Despite this, as well as the fact that most cannabis material must contain at least 1% THC to even approach producing psychoactive effects, the Canadian government moved forward using Small’s distinction as the basis for legislation. And, following Canada’s lead, the U.S. moved forward following this same guideline when it started changing regulations around cannabis.”

Dr. Small’s full study is attached to this comment. I suggest reading it to gain more context.
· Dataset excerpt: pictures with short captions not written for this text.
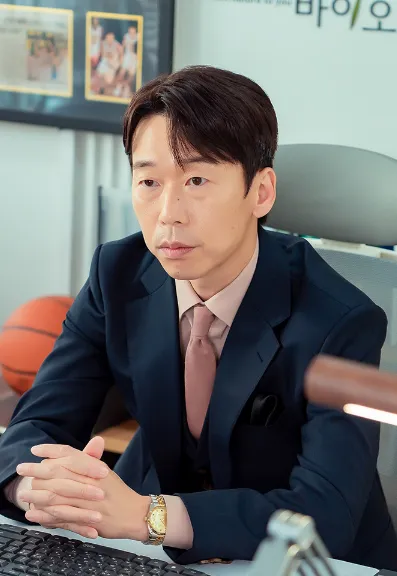 韓国ドラマ『本日も完売しました』キャスト｜ユン・ビョンヒ(カン・ムウォン役)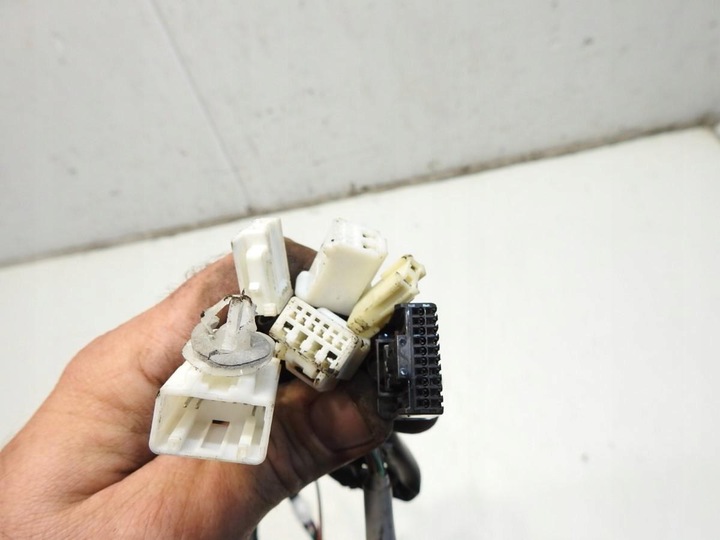 фото №5, Джгут установка двері лівий перед toyota avensis iii t27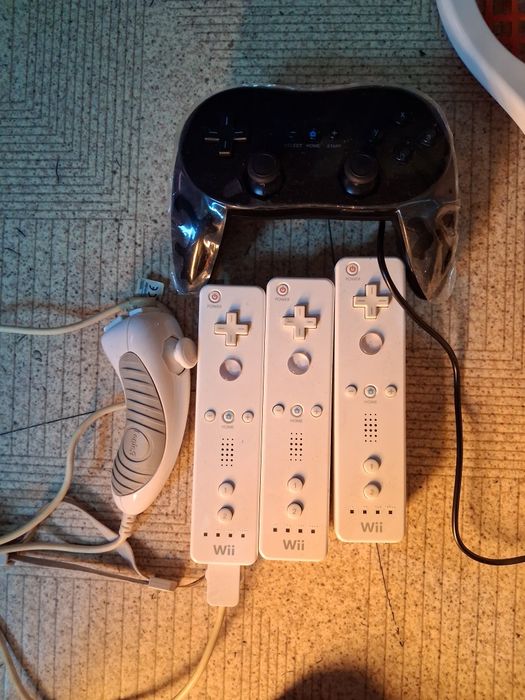 Nintendo wii desbloqueada + hdd 500gb + acessórios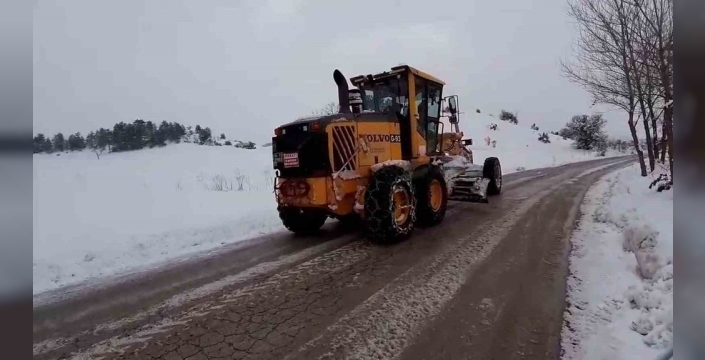 Mudurnu'da kar seferberliği: 12 köy yolu daha açıldı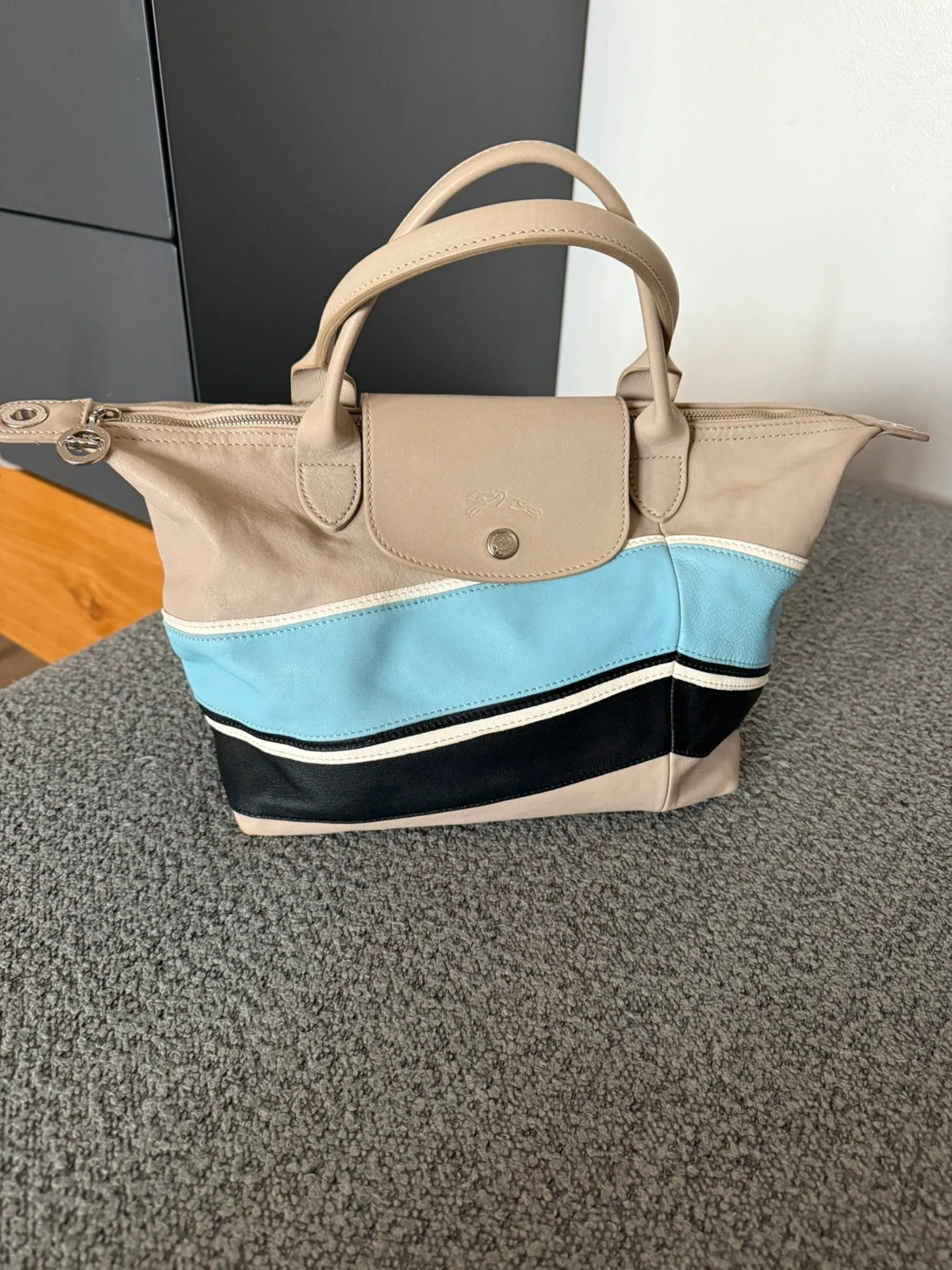 Longchamp le pliage grey blue leather small bag - view 2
I’m tired of hearing the DEA claim there is not enough research available when they are the sole agency responsible for the lack of public knowledge and research on cannabis at US institutions. Because of strict restrictions, an arduous application process, the negative social stigma caused by the War on Drugs, and threats to cut federal funding, US universities and research institutions were suppressed for 50 years from conducting foundational research on Cannabis sativa, L. Meanwhile, the DEA maintains THC as a schedule 1 controlled substance with no proven medical application. The agency demanding information cannot be the same agency preventing the research to be performed. At Michigan State University in 2016, the College of Agriculture was too afraid of losing federal funding, and therefore would not allow me or any other colleagues to perform industrial hemp research. If the DEA would read more scientific literature on the medicinal uses of cannabis today, they would be overwhelmed by the plethora of studies from around the world. Unfortunately, they choose to only acknowledge the data from the institutions under their control.
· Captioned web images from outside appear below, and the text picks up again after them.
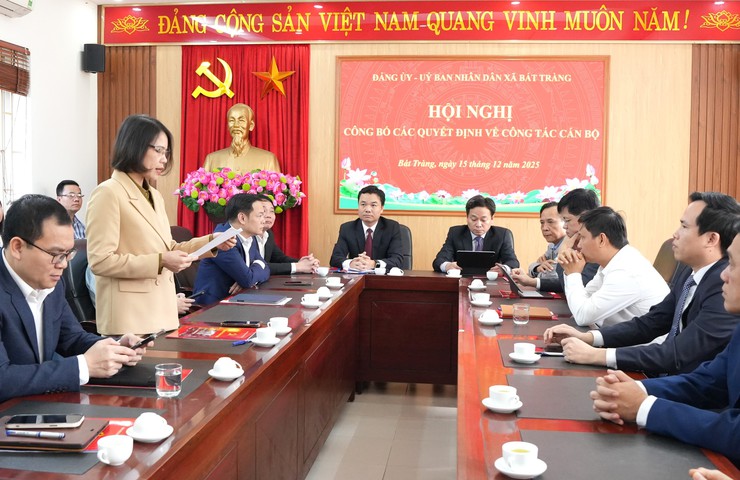 Đảng uỷ, UBND xã Bát Tràng công bố các quyết định về công tác cán bộ- Ảnh 1.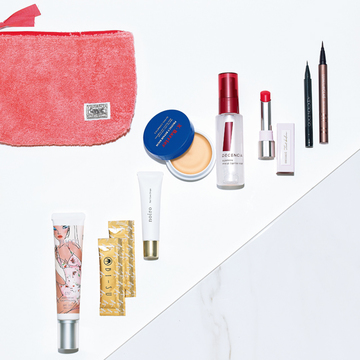 美容ジャーナリスト小田ユイコさんは“マスクの夏”対策アイテムをポーチへ【美容賢者の「崩さない」ポーチの中身】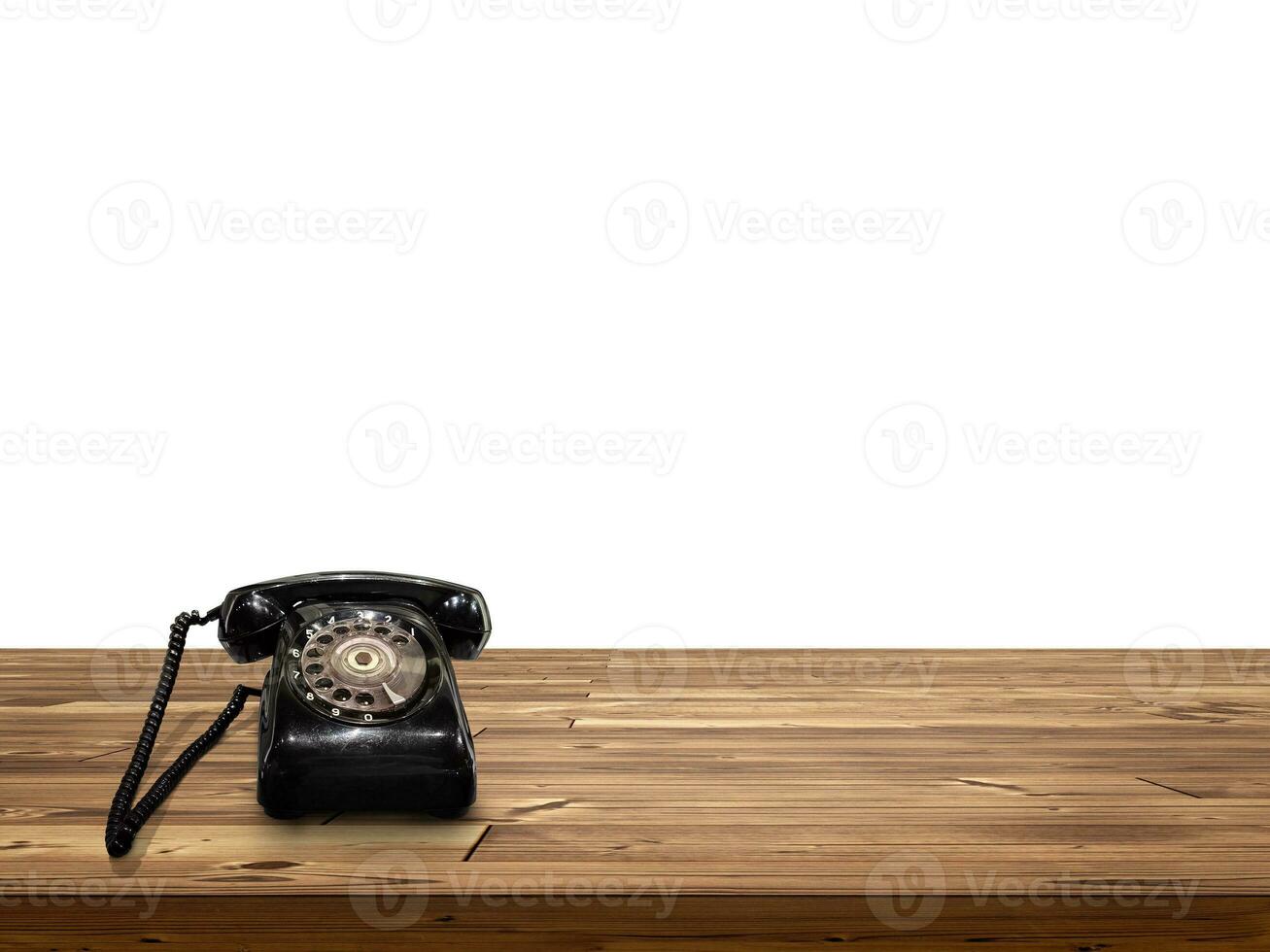 velho Preto telefone colocada em de madeira mesa isolado em branco fundo foto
The 2019 IPC Cannabis Report from Michigan concluded the state should not implement a numerical limit for the impairment level of d9-THC. They state, “Based on the total body of knowledge presently available, the Commission finds there is no scientifically supported threshold of ∆9-THC bodily content that would be indicative of impaired driving due to the fact that there is a poor correlation between driving impairment and the blood (plasma) levels of ∆9-THC at the time of blood collection.” I have attached the report, I suggest reading it in its entirety.
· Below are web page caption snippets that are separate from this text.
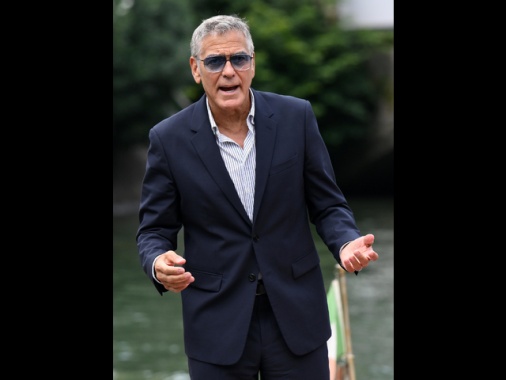 Clooney assente alla conferenza stampa al Lido, 'ha la sinusite'
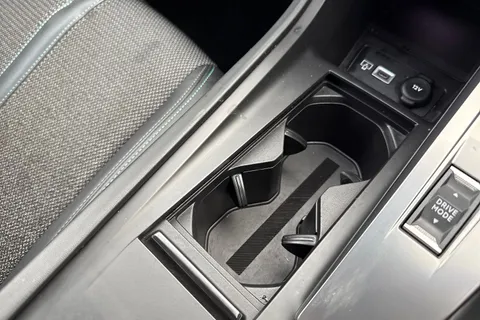 MF72YMK PEUGEOT 308 1.2 PureTech Allure Premium EAT Euro 6 (s/s) 5dr Thumbnail #54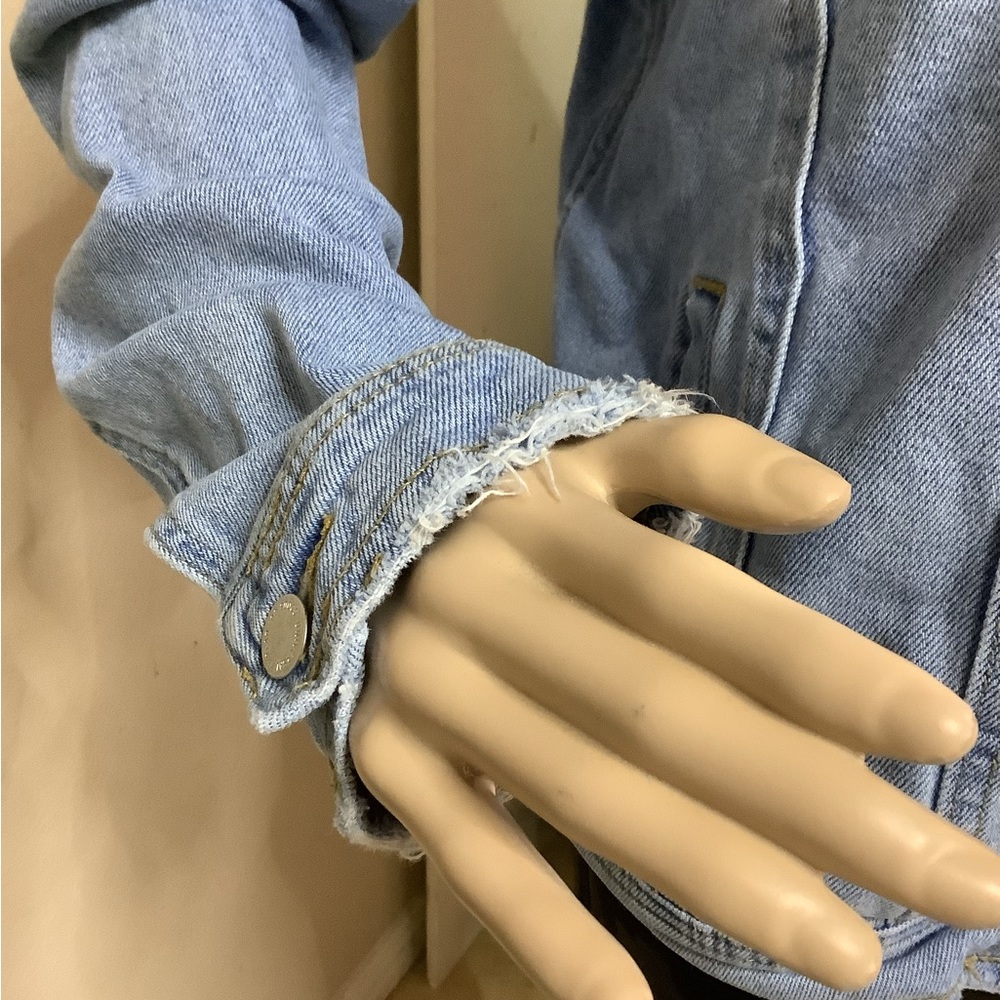 Universal thread jean jacket - Picture 7 of 12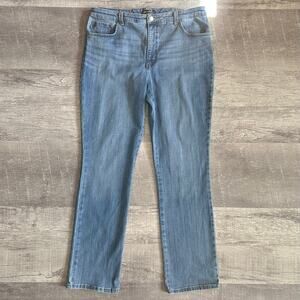 LEE Relaxed Fit Straight Leg Light Wash Jean Womens 18 Long (36.5X32) Mid Rise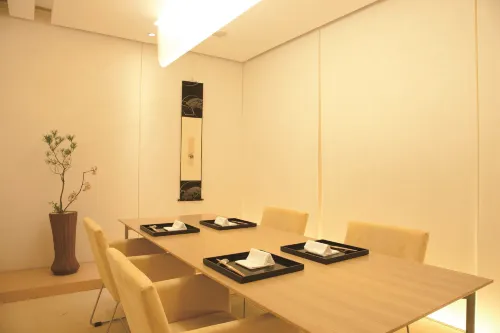 The Tokyo Station Hotel Restauration Photos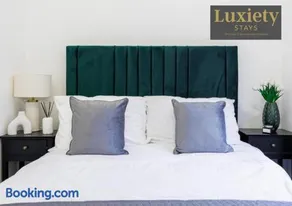 2 bed modern apartment by luxiety stays - Image 3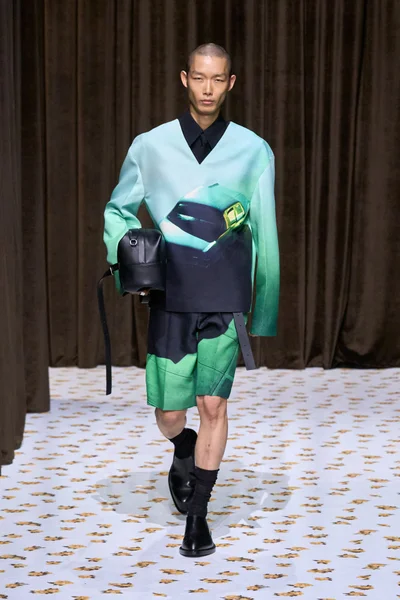 Look 55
“The U.S. Food and Drug Administration (FDA) has recently found that many cannabis-derived products do not contain the levels of cannabinoids that they claim to contain on their labels.” I have tested these products myself during my two years as a laboratory technician in a cannabis safety compliance testing facility. Because of the truth in this claim, it would be of much better service to the industry if the FDA were to regulate such false claims. But keep in mind, everyday there are businesses making false claims within the food, beauty and auto industries to name a few. When Kellogg claimed Frosted Mini Wheats will make you 20% more attentive, they agreed to a $4 million settlement, but the entire cereal industry was not on trial for such behavior. Please do not allow your lack of regulation become a reason to condemn hemp businesses, when, by and large, far more ethical business practices are seen throughout the hemp industry.

I do not find it humorous to claim DEA registrants will be saving an estimated $5,039.00 annually, while the DEA had a FY budget of $2.862 billion (+15.5%) in 2019. Any amount of money “saved” does not justify the stealing and misuse of our money since 1973. It’s time you give back the money and, more importantly, the people you have taken from us. We do not pay our taxes to lose our rights. Restore hope in our government agencies by working for the people that deserve your support. Reparations must be made for the War on Drugs, but first it needs to end. The demonization of Cannabis sativa, L. will end with hemp leading the way.